*Entries shown*:
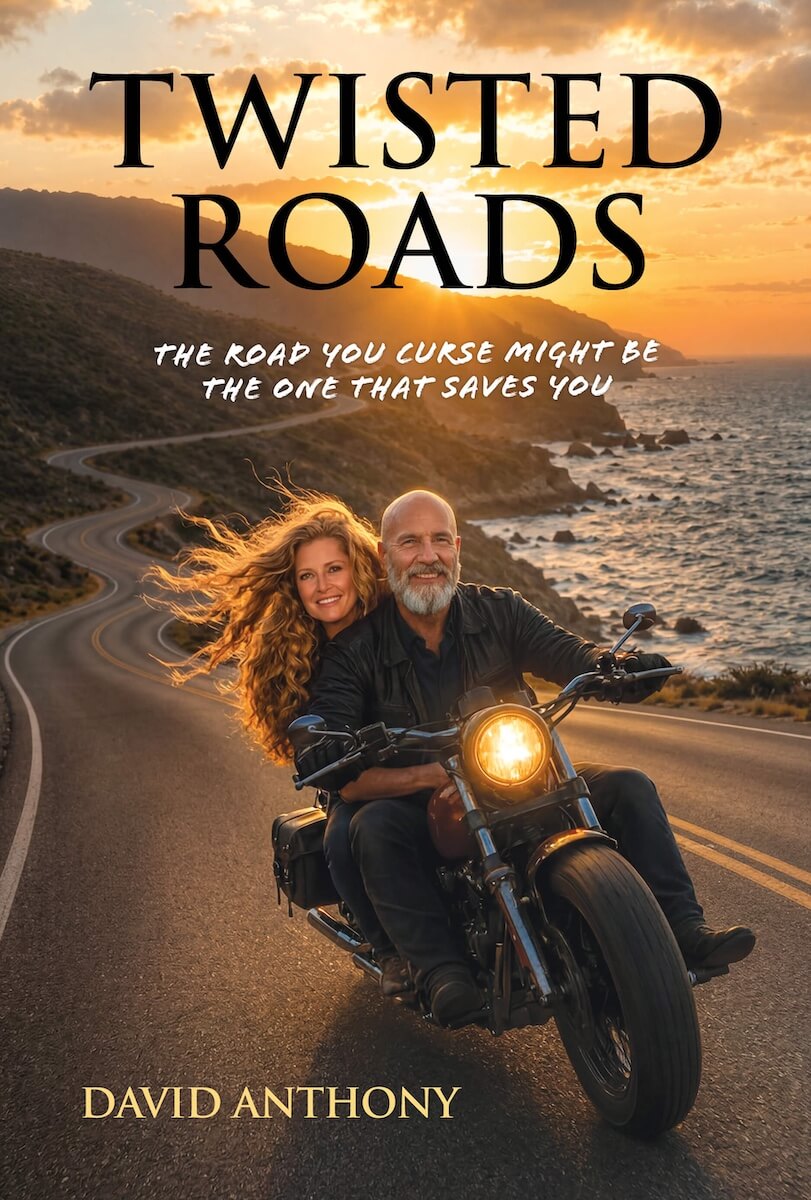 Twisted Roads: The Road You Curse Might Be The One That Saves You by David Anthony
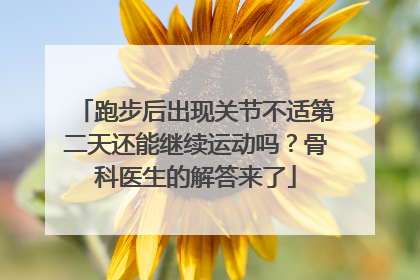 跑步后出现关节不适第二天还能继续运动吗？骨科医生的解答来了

--

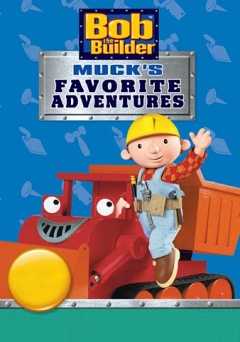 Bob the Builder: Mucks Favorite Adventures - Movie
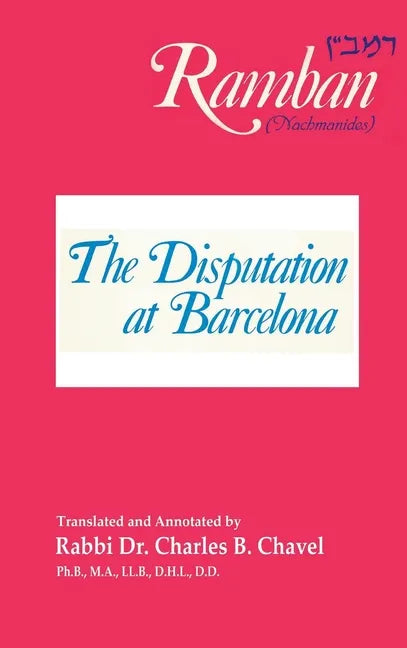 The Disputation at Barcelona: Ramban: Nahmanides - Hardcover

*What you need to do*: From the records above, copy exactly the stretch from the line holding "Twisted Roads: The" through the line holding "跑步后出现关节不适第二天还能继续运动吗？骨科医生的解答来了", both ends included, without the pictures.

*Written solution*:
 Twisted Roads: The Road You Curse Might Be The One That Saves You by David Anthony
 跑步后出现关节不适第二天还能继续运动吗？骨科医生的解答来了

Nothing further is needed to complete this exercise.